Sighing, Edward Sokwurf hopped down from his make shift chair and slipped easily underneath the door.
Being a Saturday there were few people around the office and those who were, much like Dr Karsal, were either hung over or dozing sleepily at their desks.
When he’d entered the building, he had walked past the secretary’s desk without so much as a second glance from the small red headed girl. She had been sat there spinning aimlessly on her chair, reading a copy of the month’s bestseller.
Heading back the way he came, he gratefully saw she was no longer there, but instead stood a few metres away, flirting with a tall, frightened looking man.
Rubbing on the harsh carpet a few times, the sock generated as much static as he would need to leap and stick himself to the metal leg of the secretary’s desk. He slid up the side of it, and flipped up onto the table. Once there he shook himself in attempt to alleviate the formations of little green cotton bubbles that had appeared all over him.
He walked carefully over the scattered pens, staples and paper clips which cluttered the surface.
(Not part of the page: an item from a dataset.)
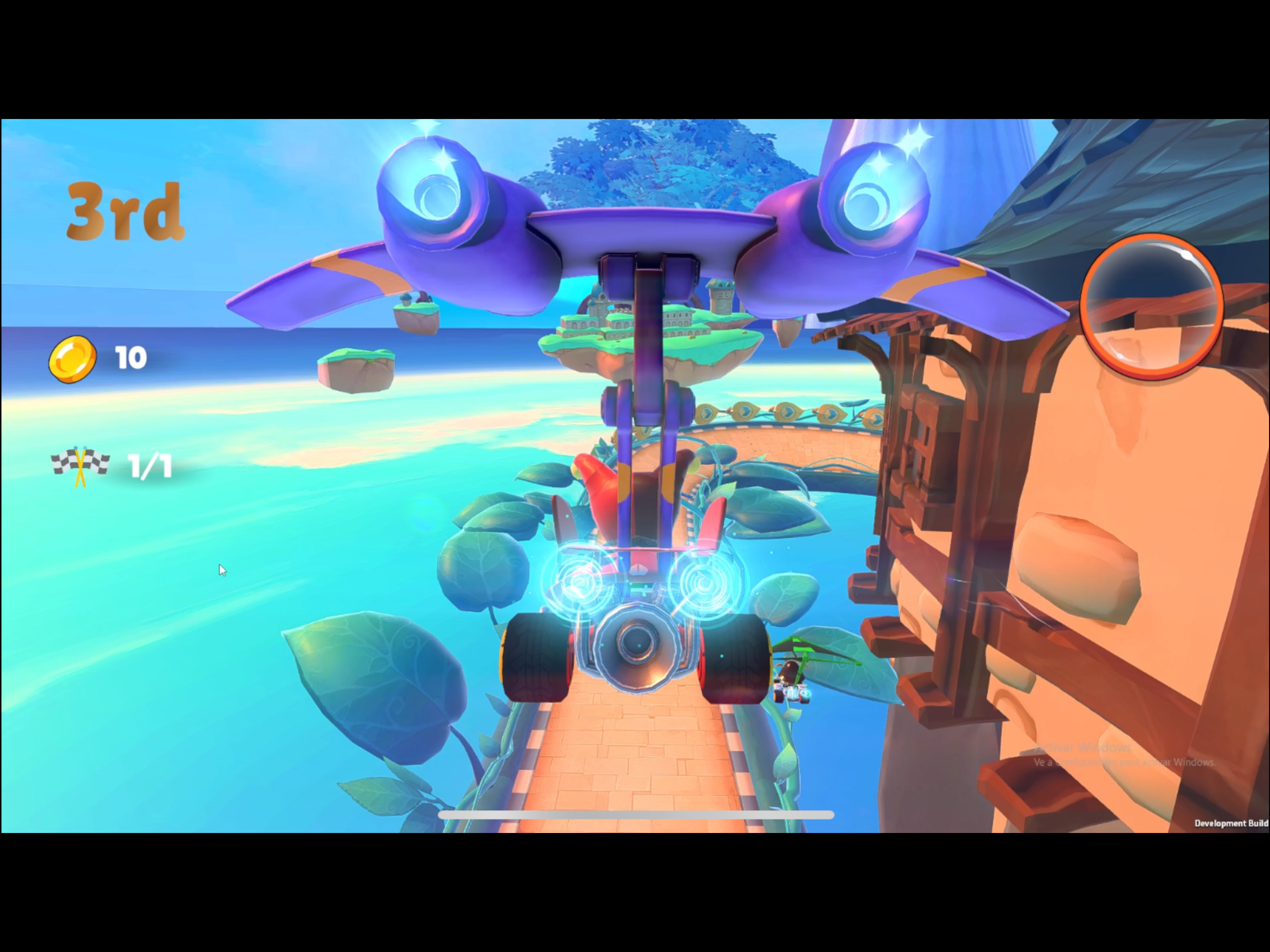 Monkey Kong Racing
He reached the secretary’s computer and smiled mischievously when he saw she had left herself signed in.
This would be a difficult task, but he had done it many times before. He had only recently earned the title of “Master of Mine Sweep” from his peers.
As long as the tall man the secretary was harassing didn’t crumble and make up some lousy excuse to leave within the next five minutes, he would be safe. Otherwise, he’d soon find himself sat in a bin with a banana peel for a hat.
With both his hands he leaned onto the mouse and began pushing it to move the cursor on to a folder titled ‘Private’, then hopping on top of the mouse and jumping twice with a double click, he opened it. Using this same method he soon got into another folder titled ‘Staff – past and present’. Once entered, he looked up “Dr Mark Karsal” and was soon making a mental note of the address.
Hearing the sound of the secretary’s stilettos tap dancing across the wooden floor, he turned just in time to see her scurrying back to her desk with a huge smile on her face. Panic set in and he did the only thing socks know how to do when humans draw close, jump on the floor and play dead.
He landed on the carpet beside her chair and cursed loudly as a sharp heel drove into him.
The secretary looked up confused by the sound, and waved to the man she had been courting. Shouting in an excited voice, “I’m coming Ben, I’m just getting my purse!”
Edward winced and held back another exclamation of pain, deciding he couldn’t tell what hurt most: his stomach or his ears.
The secretary grabbed something that looked more like a giant handbag than a purse, and then quickly click-clacked back off to her date. Leaving Edward winded on the floor.
After a few moments of catching his breath he rolled over and pushed himself up. He brushed himself down then went once more over the address in his head.
Satisfied he had it lodged firmly in his memory, he then headed to the exit, down the stairs and made his way back to the streets of London.